**Task**
Your answer must consist solely of the lines from the one containing "A Monarch butterfly" through the last line of the records below, reproduced exactly, with all pictures omitted.

**Records supplied**

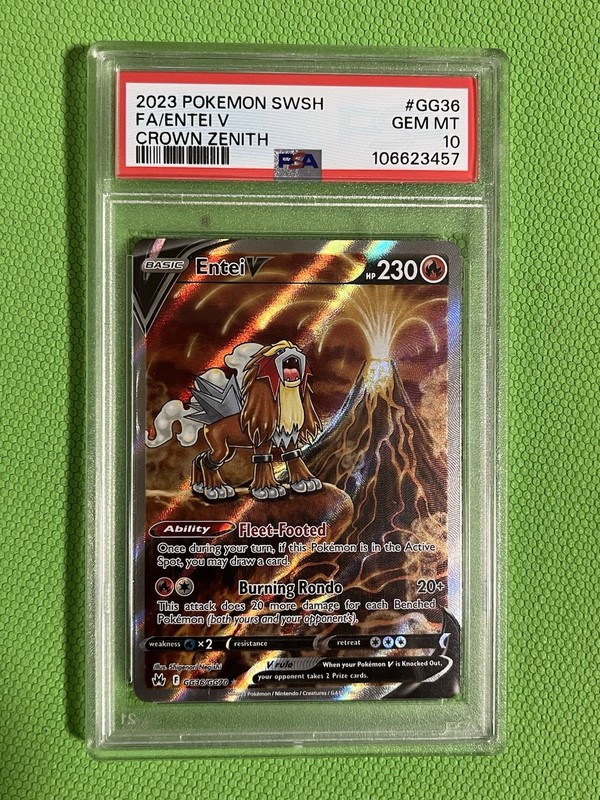 Entei V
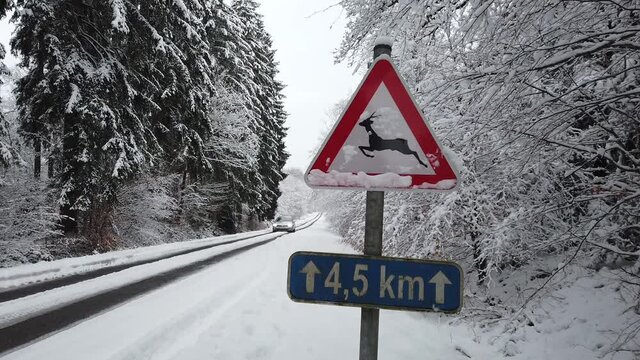 Belgique Wallonie Ardenne paysage hiver neige route gibier chasse animaux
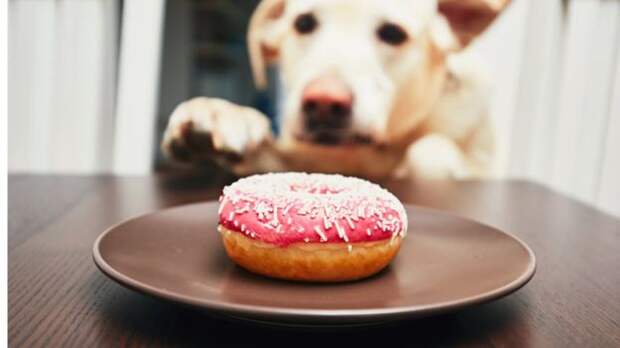 собака и пончик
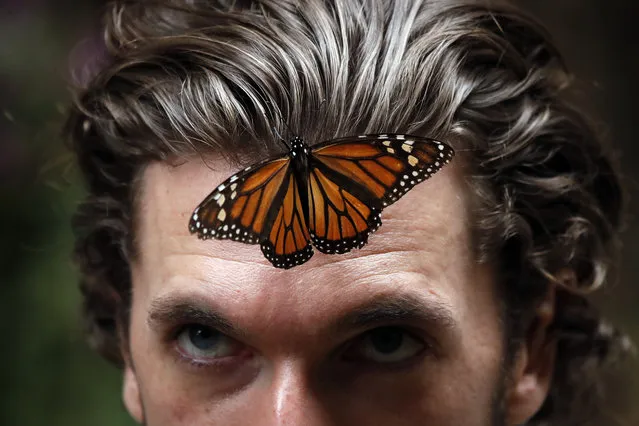 A Monarch butterfly rests on the forehead of a man, at the Amanalco de Becerra sanctuary, on the mountains near the extinct Nevado de Toluca volcano, in Mexico, Thursday, February 14, 2019. The monarch butterfly population, like that of other insects, fluctuates widely depending on a variety of factors, but scientists say the recoveries after each big dip tend to be smaller, suggesting an overall declining trend. (Photo by Marco Ugarte/AP Photo)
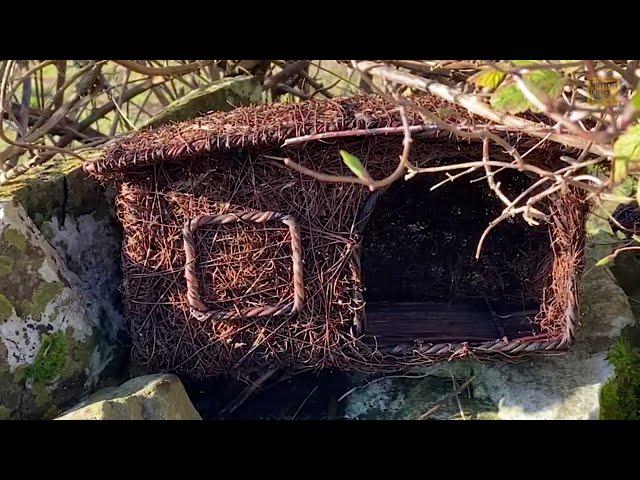 Attract robins to nest in your garden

**Exercise response**
 A Monarch butterfly rests on the forehead of a man, at the Amanalco de Becerra sanctuary, on the mountains near the extinct Nevado de Toluca volcano, in Mexico, Thursday, February 14, 2019. The monarch butterfly population, like that of other insects, fluctuates widely depending on a variety of factors, but scientists say the recoveries after each big dip tend to be smaller, suggesting an overall declining trend. (Photo by Marco Ugarte/AP Photo)
 Attract robins to nest in your garden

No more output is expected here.